In this model, \(e^{\beta_1}\) gives the adjusted odds ratio for exercise, controlling for age, sex, and smoking status. This is the logistic regression analog of the adjusted coefficient in multiple linear regression.

mod_multi <- glm(fmd ~ exercise + age + sex + smoker + sleep_hrs + income_cat,
                 data = brfss_logistic,
                 family = binomial(link = "logit"))

mod_multi |>
  tbl_regression(
    exponentiate = TRUE,
    label = list(
      exercise   ~ "Exercise (past 30 days)",
      age        ~ "Age (per year)",
      sex        ~ "Sex",
      smoker     ~ "Smoking status",
      sleep_hrs  ~ "Sleep hours (per hour)",
      income_cat ~ "Income category (per unit)"
    )
  ) |>
  bold_labels() |>
  bold_p()
Characteristic OR 95% CI p-value
Exercise (past 30 days)


    No
    Yes 0.61 0.51, 0.73 <0.001
Age (per year) 0.97 0.97, 0.98 <0.001
Sex


    Male
    Female 1.67 1.42, 1.96 <0.001
Smoking status


    Former/Never
    Current 1.25 1.05, 1.48 0.012
Sleep hours (per hour) 0.81 0.77, 0.86 <0.001
Income category (per unit) 0.85 0.82, 0.89 <0.001
Abbreviations: CI = Confidence Interval, OR = Odds Ratio

Interpretation: Each odds ratio in this table is adjusted for all other variables in the model. Compare these adjusted ORs to the crude (unadjusted) ORs from the simple models. If they differ substantially, confounding is present. We will explore this more thoroughly in Part 2 next lecture.
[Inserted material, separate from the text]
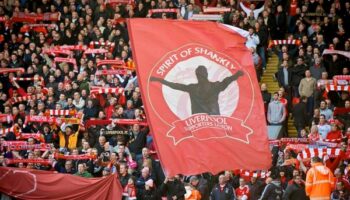 liverpool taraftarlari galatasaray maci icin isyan etti ekl7TFCW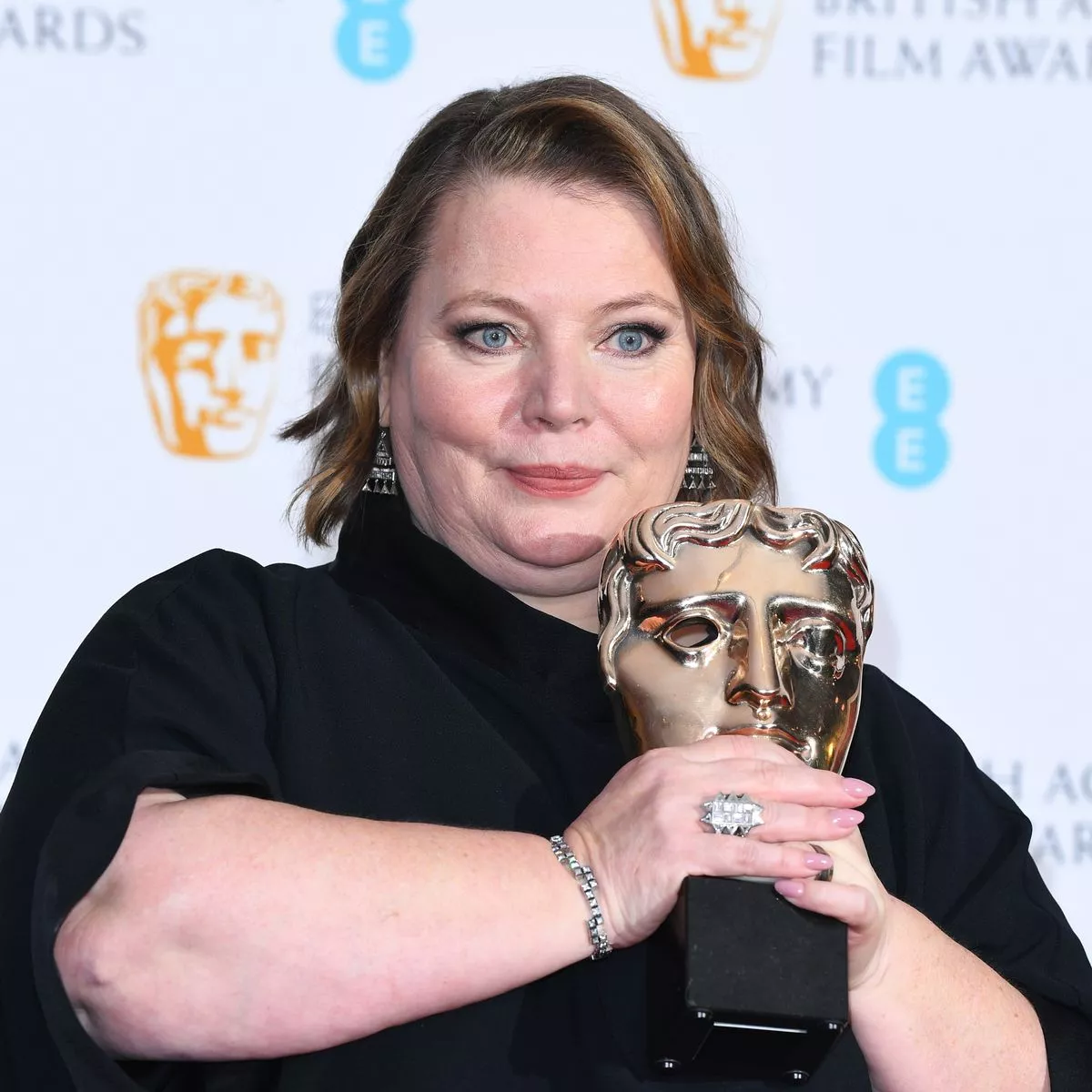 joanna scanlan 5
Crude vs. Adjusted Comparison

# Crude ORs from simple models
crude_exercise <- tidy(mod_exercise, exponentiate = TRUE, conf.int = TRUE) |>
  filter(term == "exerciseYes") |>
  dplyr::select(term, estimate, conf.low, conf.high) |>
  mutate(type = "Crude")

crude_smoker <- tidy(mod_smoker, exponentiate = TRUE, conf.int = TRUE) |>
  filter(term == "smokerCurrent") |>
  dplyr::select(term, estimate, conf.low, conf.high) |>
  mutate(type = "Crude")

# Adjusted ORs from multiple model
adj_exercise <- tidy(mod_multi, exponentiate = TRUE, conf.int = TRUE) |>
  filter(term == "exerciseYes") |>
  dplyr::select(term, estimate, conf.low, conf.high) |>
  mutate(type = "Adjusted")

adj_smoker <- tidy(mod_multi, exponentiate = TRUE, conf.int = TRUE) |>
  filter(term == "smokerCurrent") |>
  dplyr::select(term, estimate, conf.low, conf.high) |>
  mutate(type = "Adjusted")

bind_rows(crude_exercise, adj_exercise, crude_smoker, adj_smoker) |>
  mutate(across(c(estimate, conf.low, conf.high), \(x) round(x, 3))) |>
  kable(col.names = c("Predictor", "OR", "95% CI Lower", "95% CI Upper", "Type"),
        caption = "Crude vs. Adjusted Odds Ratios") |>
  kable_styling(bootstrap_options = "striped", full_width = FALSE)
Crude vs. Adjusted Odds Ratios
Predictor OR 95% CI Lower 95% CI Upper Type
exerciseYes 0.574 0.488 0.676 Crude
exerciseYes 0.613 0.514 0.731 Adjusted
smokerCurrent 1.959 1.675 2.291 Crude
smokerCurrent 1.247 1.050 1.480 Adjusted

Interpretation: Compare the crude and adjusted ORs for exercise and smoking. If the adjusted OR moves toward 1 (attenuates), confounding was inflating the crude association. If the adjusted OR moves away from 1, confounding was masking the true association. This comparison is fundamental to epidemiologic analysis.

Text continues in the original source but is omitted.